Updated 1:51 pm, Friday, March 17, 2017

The spacecraft Cassini, a joint space venture between NASA and the European Space Agency, is having one hell of a ride. It left Earth in 1997 and arrived at Saturn in 2004 on what was supposed to be a four-year mission exploring the ringed giant and its moons.

But Cassini just kept going. It is now nearing the end of its second extended mission and, finally, its life. On Sept. 15, nearly empty of fuel, the spacecraft will be guided into Saturn's atmosphere. NASA and the ESA decided to crash it into Saturn rather than risk the chance of it hitting one of the planet's moons and possibly contaminating it with microbes.

This graphic illustrates Cassini's trajectory, or flight path, during the final two phases of its mission. The 20 Ring-Grazing Orbits are shown in gray; the 22 Grand Finale Orbits are shown in blue. The final partial orbit is colored orange.

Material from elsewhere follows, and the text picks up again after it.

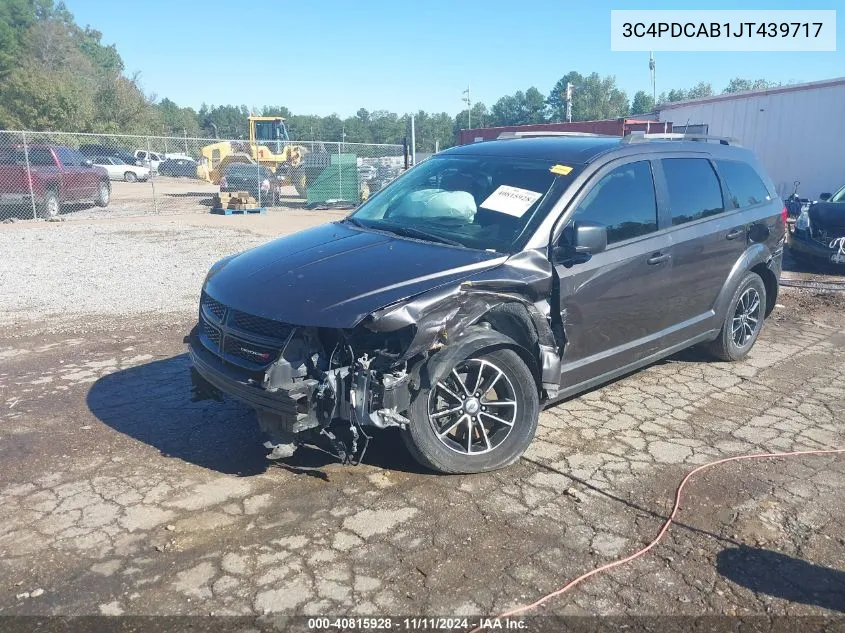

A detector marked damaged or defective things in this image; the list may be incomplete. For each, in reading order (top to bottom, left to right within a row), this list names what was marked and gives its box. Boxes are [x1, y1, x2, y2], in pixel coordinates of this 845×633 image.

This graphic illustrates Cassini's trajectory, or flight path, during the final two phases of its mission. The 20 Ring-Grazing Orbits are shown in gray; the 22 Grand Finale Orbits are shown in blue. The final partial orbit is colored orange.

“As Cassini plunges past Saturn,” NASA summarized about its final 22 orbits, “the spacecraft will collect some incredibly rich and valuable information that the mission's original planners might never have imagined. The spacecraft will make detailed maps of Saturn's gravity and magnetic fields, revealing how the planet is composed on the inside, and possibly helping to solve the irksome mystery of just how fast the interior is rotating.

It will vastly improve our knowledge of how much material is in the rings, bringing us closer to understanding their origins. Cassini's particle detectors will sample icy ring particles being funneled into the atmosphere by Saturn's magnetic  field. And its cameras will take amazing, ultra-close images of Saturn's rings and clouds.”

Meanwhile, the little spacecraft that could has also been snapping some wonderfully gothic images of Saturn, its rings and little moons that disturb them. Check them out in the gallery above.

Jake Ellison can be reached at jakeellisonjournalism@gmail.com. Follow Jake on Twitter at twitter.com/Jake_News. Also, swing by and *LIKE* his page on Facebook. If Google Plus is your thing, check out our science coverage here.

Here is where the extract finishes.